Marketing: This area is responsible for launching campaigns to advertise the brand, ensure the increase in final franchise consumers and promote the franchisees themselves individually. This department has to carry out marketing campaigns, design advertising brochures, and select the media and formats to be used. In this sense, because each franchisee is located in different surroundings, agreements are reached with each one in the use of different local media for conducting campaigns and in other aspects related to the content that best adapts itself to each setting.

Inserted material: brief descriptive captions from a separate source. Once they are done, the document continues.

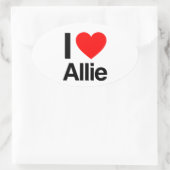 ik hou van allie ovale sticker (Tas)
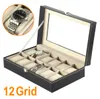 Top qualité marque PU cuir montre vitrine bijoux Collection organisateur boîte 12 grille fentes montres affichage stockage boîte carrée 338r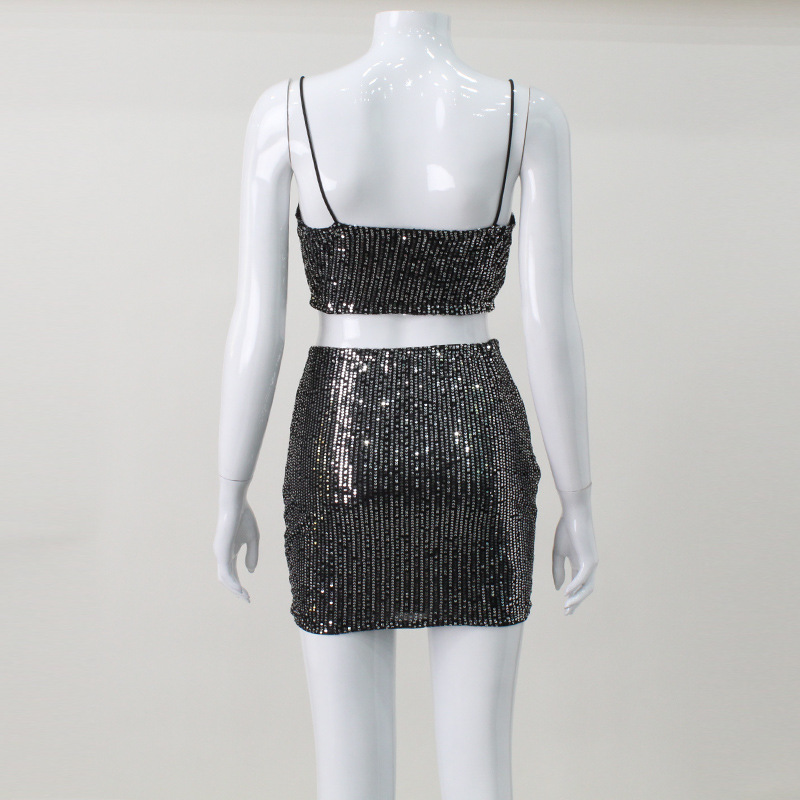 Women Clothing Autumn Sexy Cropped Backless Strap Top Sequined Slim Fit Hip Skirt Set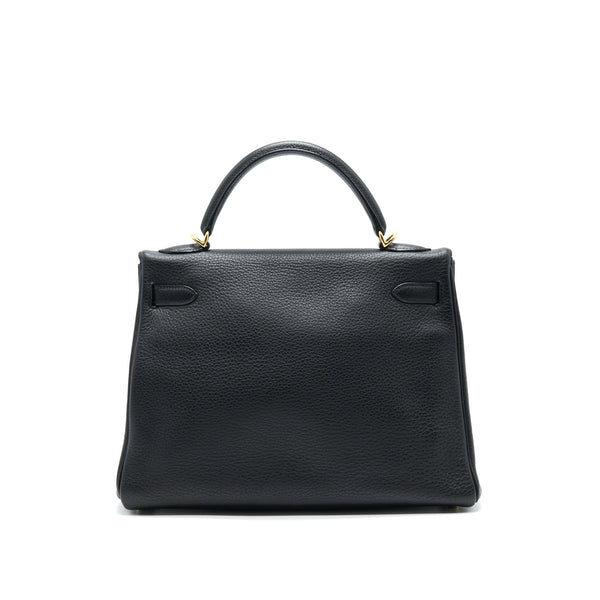 HERMES KELLY 32 BLACK GHW STAMP K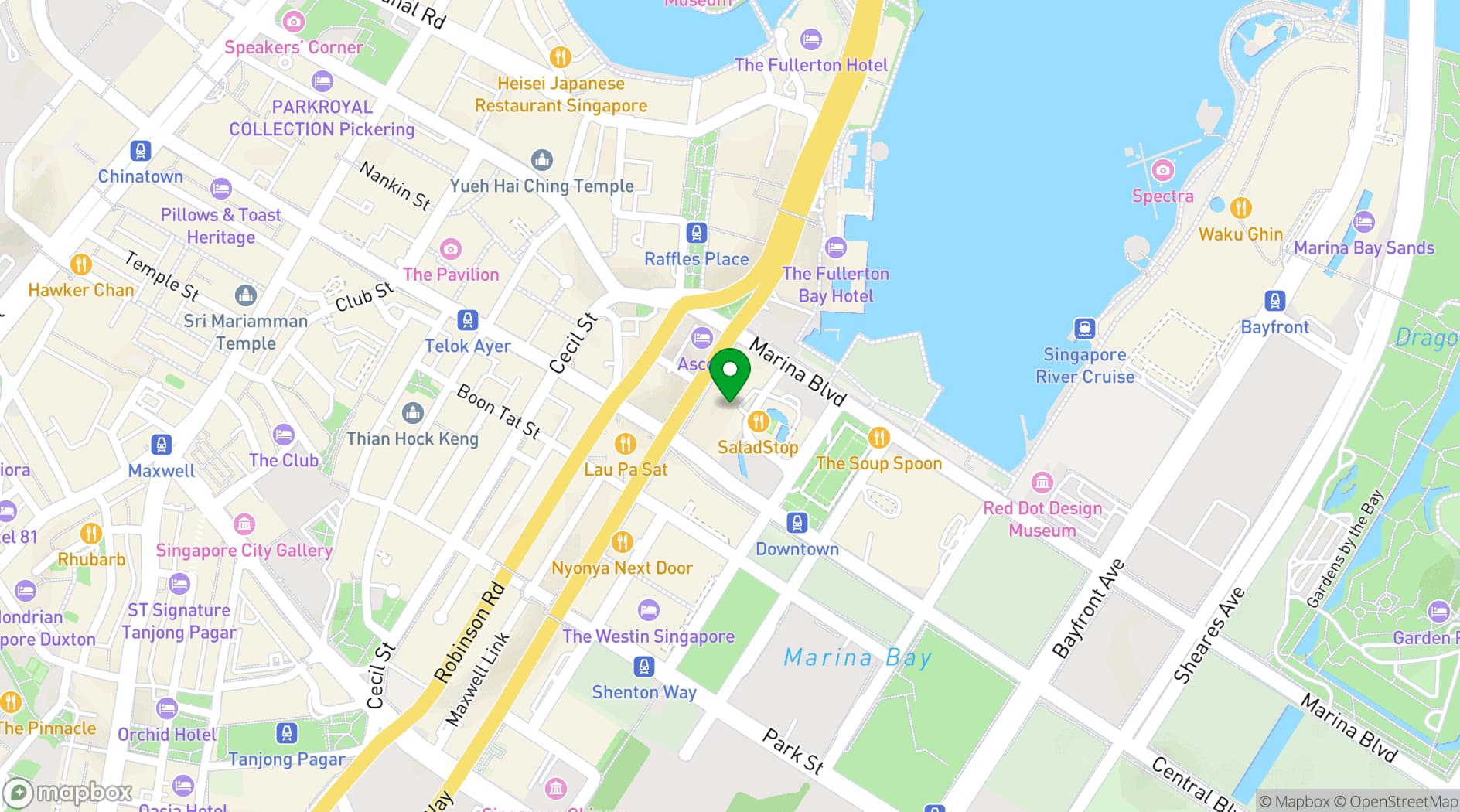 Map showing The Executive Centre - One Raffles Quay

Finances: This department deals with the financial management, accounting and management control of the franchisee company and the franchisor. It exchanges information with the rest of the departments in order to be able to follow up closely different key variables in the company, whether quantitative or financial or related to quality, in order to determine the makeup of the managerial team.

Case Results: Management Control Mechanisms Used

FDT's control mechanisms over its franchisees are more related to business performance (qualitative) than to economics (quantitative), which is an important weakness in the franchise management system, according to the Financial Director. In this sense, the Director affirms that an accounting system that will be common to all the franchisees is being installed, though centralized in the franchisor, as in many cases information requested by the franchisees arrives late, does not arrive or arrives erroneously. Moreover, this Director strongly suspects that in some cases the information itself has nothing to do with reality. In this respect, this person points out that the income of the franchise is at threat since the income, royalty payments and publicity fees are lower than what they should be because, being determined by the percentage of sales, some franchisees report a lower volume of sales in order to pay less. This type of opportunistic behavior seems to be more frequent among new franchisees, or at the beginning of the relationship.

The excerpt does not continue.